Rapid identification of fermentation stages of bioethanol solid-state fermentation (SSF) using FT-NIR spectroscopy: comparisons of linear and non-linear algorithms for multiple classification issues
Abstract
Solid-state fermentation (SSF) is a critical step in bioethanol production, and a means for the effective monitoring of the SSF process is urgently needed due to the rapid changes in the SSF industry, which demands fast tools that could provide real time information to ensure the quality of the final product. The aim of the present study was to investigate the FT-NIR spectroscopy technique associated with supervised pattern recognition methods in order to develop a means to monitor the time-related molecular changes that occur during the SSF of bioethanol. Principal component analysis as an exploratory tool was employed to uncover details on the molecular modifications of the spectral data during the SSF process.
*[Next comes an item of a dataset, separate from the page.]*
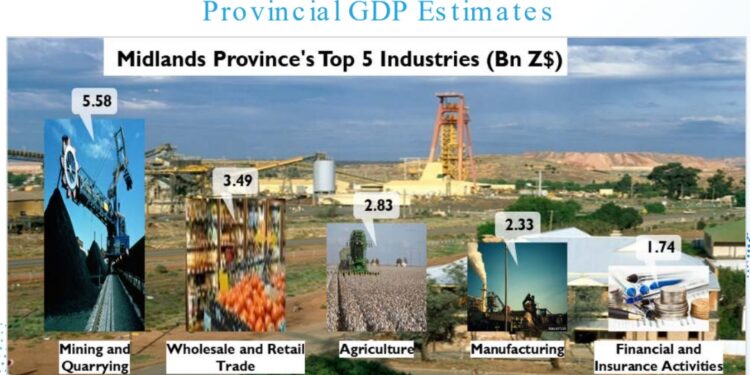 Extract from 2023 National Budget Statement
Furthermore, identification models were constructed using partial least squares discriminant analysis (PLS-DA), back propagation neural network (BPNN), support vector machine (SVM), and extreme learning machine (ELM) algorithms. The parameters of the four algorithms were optimized by leave-one-out cross-validation (LOOCV) for the calibration of the identification models. The experimental results showed that the nonlinear identification models achieved strong classification performance to identify the fermentation stages in the SSF of bioethanol. Moreover, compared with the BPNN and SVM models, the ELM model achieved a slightly better generalization performance with an identification rate of 92.60% in the validation process. The overall results show that the ELM-FT-NIR methodology was efficient in accurately identifying the fermentation stages during the SSF of bioethanol, thus demonstrating its potential for application in the in situ monitoring and control of large-scale industrial processes.